BILL MOYERS: You’re the last word.
ROBERT BORK: Yeah. The Supreme Court just can’t handle the cases coming out of all the Court of Appeals.
BILL MOYERS: That gives you enormous power to say what this means.
ROBERT BORK: Oh yes, but if we go too far astray, that’s the case they’ll take up there.
BILL MOYERS: And you’re saying, if I hear you correctly — tell me if I don’t — you’re saying that even though the Ninth Amendment says there are certain rights that are still left out there, your job is not to read what those rights are until the Supreme Court itself has spoken.
ROBERT BORK: I would suggest the Supreme Court shouldn’t do it either. I think what the Ninth Amendment meant was probably that the federal government should not interfere with the rights retained under state constitutions and laws.
BILL MOYERS: And that went the way of the Civil War and the amendments that came the Civil War.
ROBERT BORK: The Ninth Amendment has just, until recently, been ignored.
BILL MOYERS: What does it say to you that all these years later, we discover something in there that had been in the shadows?
ROBERT BORK: What it suggests to me is what we’re discovering now really wasn’t there.

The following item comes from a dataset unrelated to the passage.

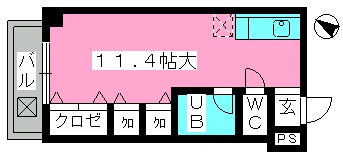 インペリアルヒルズ高宮 / 208号室 間取り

BILL MOYERS: And then what does that say about the discovery of new rights?
ROBERT BORK: That suggests we should not make up new rights. We should protect the ones that are specified.
BILL MOYERS: How would you have us think about the Constitution?
ROBERT BORK: There’s kind of a feeling in a lot of people that, if it’s unwise or unpleasant, it’s unconstitutional, or if it’s wise and pleasant, it is constitutional. That’s just not the case. So I wish they knew the limitations. The Constitution doesn’t cover everything, and there are vast powers in there for elected representatives that the Constitution doesn’t speak to, and I wish people understood that.
BILL MOYERS: What about the judiciary?
ROBERT BORK: I wish some of them understood it too.
This transcript was entered on April 27, 2015.